Football club in Cape Verde

Clube de Futebol Estrela dos Amadores (Capeverdean Crioulo, ALUPEC or ALUPEK: Strela dus Amadoris and the São Vicente Crioulo: Estrela dos Amadores) is a football (soccer) club that plays in the Santiago Island League North Zone in Cape Verde. The team is based in the town of Tarrafal in the northern part of the island of Santiago and are one of the oldest clubs in the area. Since the implementation of the two tier regional system in 2015, Estrela dos Amadores are one of ten unrelegated clubs of the North Zone of Santiago.

==History==

The club was founded in 1992 and became registered in 1998. The team won three regional titles in 2004, in 2009 and in 2012 and possessing the second most titles in the region since 2009, from 2012 to 2013, its titles were shared with Scorpion Vermelho of Pedra Badejo.

Estrela dos Amadores celebrated its 5th anniversary in 1997 and later its 10th anniversary in 2002.

===The club's successful years===
Estrela dos Amadores was the second club from the North Zone to compete at the nationals in 2004 and was unsuccessful as they finished last in Group A, no wins and draws were made, the club conceded 15 goals, their worst was a 4–0 loss to Sal Rei in the first round. The only goal was scored in a match with Académica do Mindelo where they lost 1–3. Their next appearance was five years later in 2009 and was placed in Group B, it was the club's most successful season as they made two wins shared with SC Morabeza from Brava and Vulcânicos. On May 24, the second round, they made their first win for the club defeating Sporting Porto Novo 3–2 at home, their second win was also in Tarrafal as they defeated Sal Rei's Académica Operária 3–1 at the 4th round, also it was their season's last goal scored. Estrela dos Amadores finished 5th, the only difference the other two was three losses and had six points. Three years later, Estrela dos Amadores made their recent national appearance (the 2012 season) and once more in Group B, their success was the same as their last, their first match was a loss to Batuque from São Vicente. Their first of two draws were made with Académica do Fogo on 12 May. Estrela dos Amadores later lost to Juventude do Sal. The club made their greatest match at the nationals on May 27 as they defeated Brava's Académica 5–0 and was the club's last national win. Their final match at the nationals was their second and final draw with the mighty Sporting Praia from down south of the island.

===Recent history===
Estrela dos Amadores started the 2014–15 season 6th with a draw with São Lourenço then a scoreless one with Varandinha and dropped to 7th. A loss to Scorpion Vermelho put down their position to 11th. A win over Calheta placed the club 6th, then a loss to AJAC on February 22 placed the club 8th.
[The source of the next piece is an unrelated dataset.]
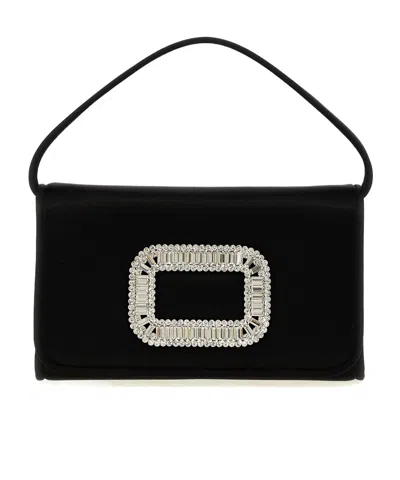 ROGER VIVIER ROGER VIVIER PILGRIM EMBELLISHED MICRO SATIN HANDBAG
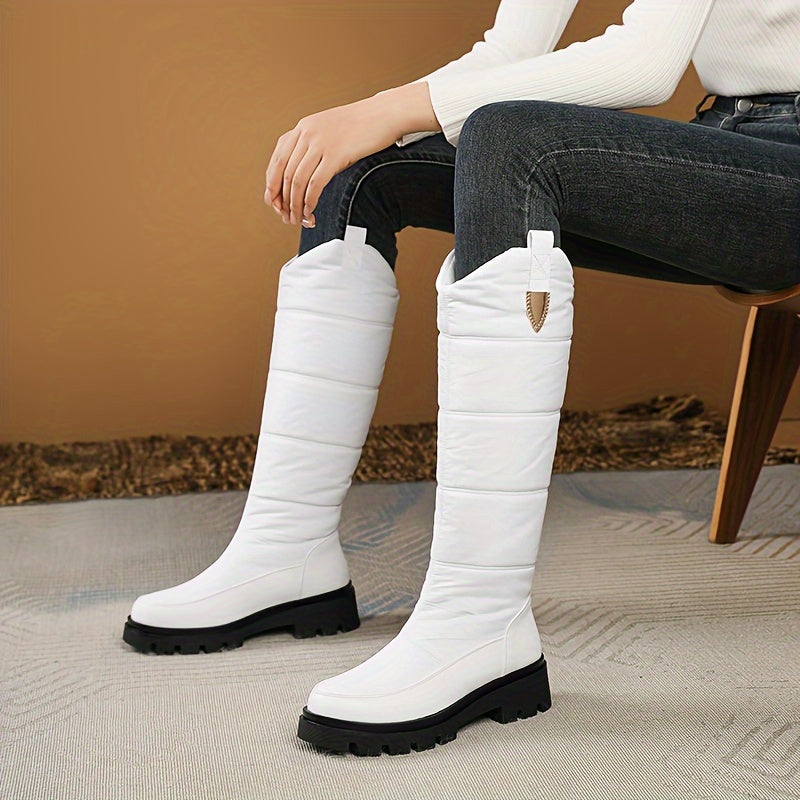 Bottes Hautes Femme Matelassées, Fermeture Zip, vue 2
A win over Real Júnior put the club 7th and was the club's last win of the season. A loss to Flor Jovem put the club 8th and where they finished with 14 points, 3 wins, 5 draws and 12 goals scored and did not advance into the second phase along with the other nine.

Estrela dos Amadores finished fourth for the 2015–16 season, some of the numbers were new club records including 12 draws and 39 points.

Along with other clubs in the municipality, Estrela dos Amadores appeared at the 2016 GAFT Cup in October, the first edition, second place is what the club finished, it shared the same points with Varandinha numbering 10 but scored fewer goals.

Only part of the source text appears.